▶ Task details
Repeat the following entries verbatim, apart from the pictures.

+++

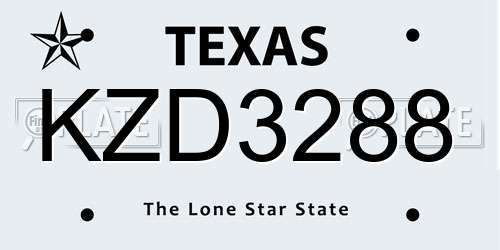 KZD3288 Texas License Plate
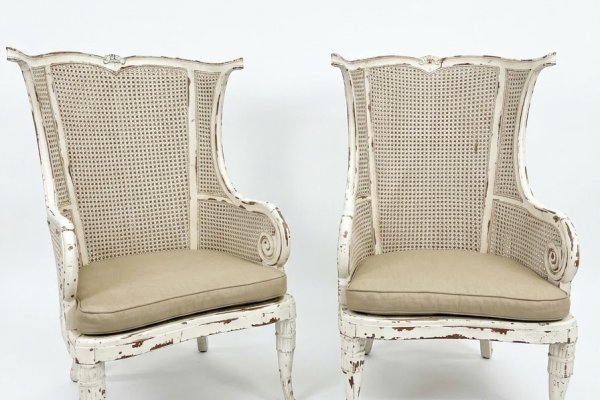 White Cane Wingback Chair rental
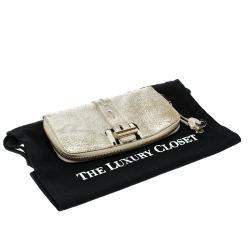 Pre Owned Jimmy Choo Gold Leather Zip Around Wallet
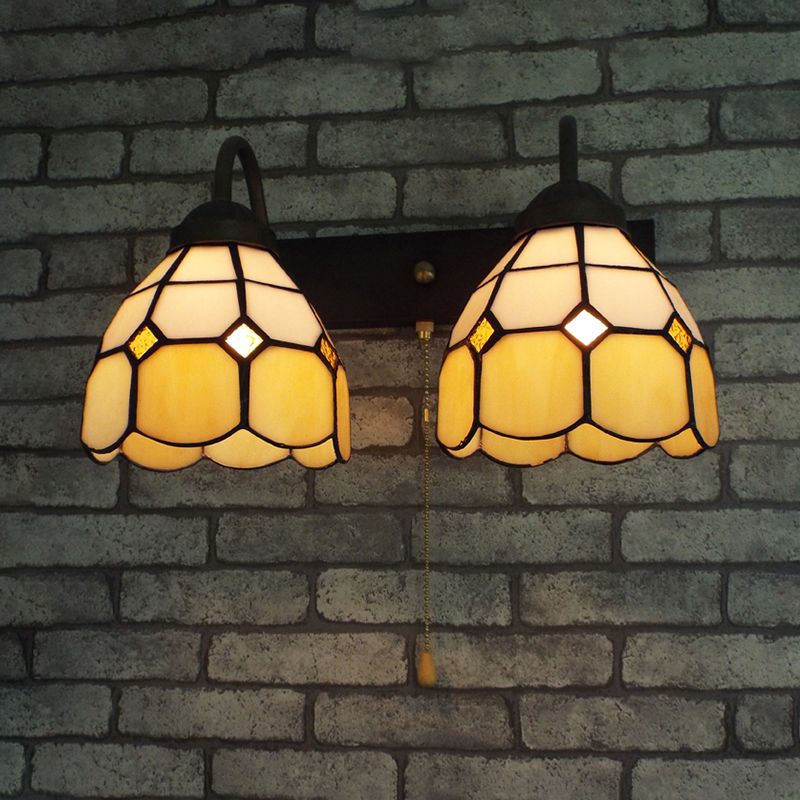 Dome Beige Glass Wall Light Fixture Tiffany 2 Heads Black Sconce Lighting with Pull Chain Switch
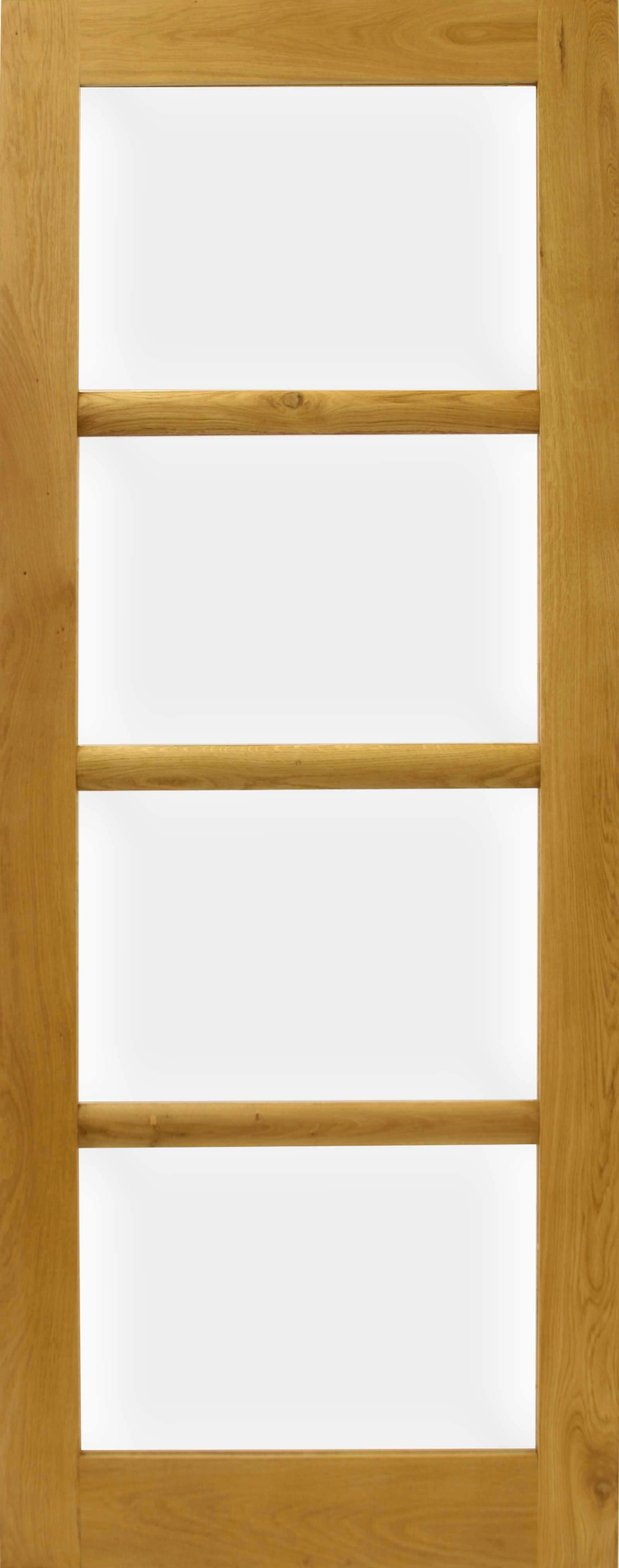 Solid Oak Four Panel Glazed French Door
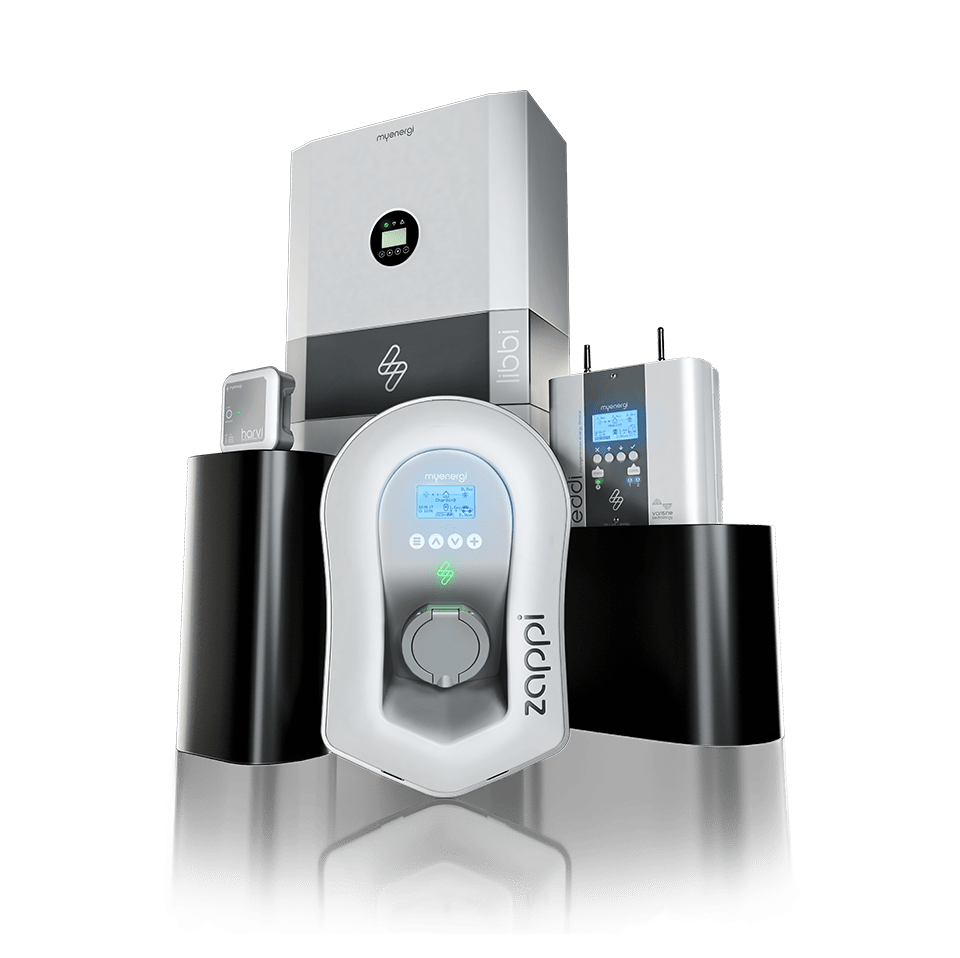 Myenergi product family consisting of: zappi EV charger, eddi solar diverter, libbi home battery and harvi wireless CT sensor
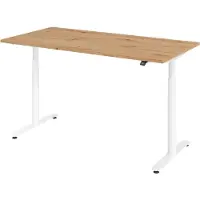 Bümö Schreibtisch elektrisch Bluetooth & App XDLR - Größe: 160 x 80 cm, Nachbildung: Asteiche, Gestell: Weiß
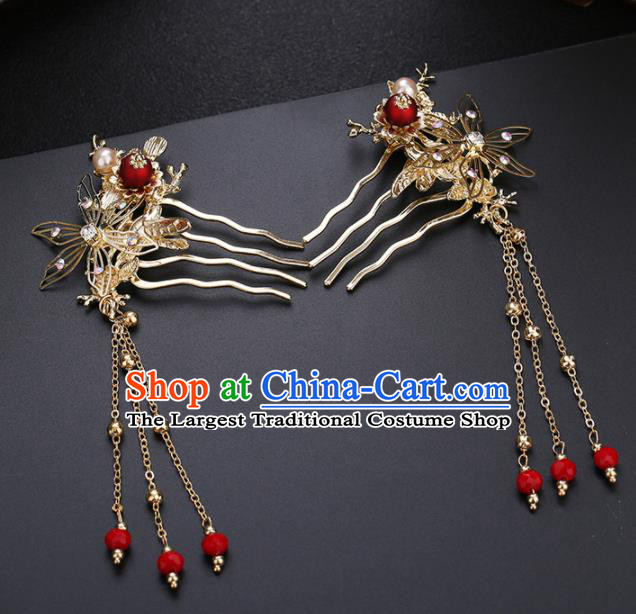 Traditional Chinese Wedding Hair Comb Handmade Ancient Bride Hairpins Hair Accessories Complete Set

+++

▶ Expected answer
 KZD3288 Texas License Plate
 White Cane Wingback Chair rental
 Pre Owned Jimmy Choo Gold Leather Zip Around Wallet
 Dome Beige Glass Wall Light Fixture Tiffany 2 Heads Black Sconce Lighting with Pull Chain Switch
 Solid Oak Four Panel Glazed French Door
 Myenergi product family consisting of: zappi EV charger, eddi solar diverter, libbi home battery and harvi wireless CT sensor
 Bümö Schreibtisch elektrisch Bluetooth & App XDLR - Größe: 160 x 80 cm, Nachbildung: Asteiche, Gestell: Weiß
 Traditional Chinese Wedding Hair Comb Handmade Ancient Bride Hairpins Hair Accessories Complete Set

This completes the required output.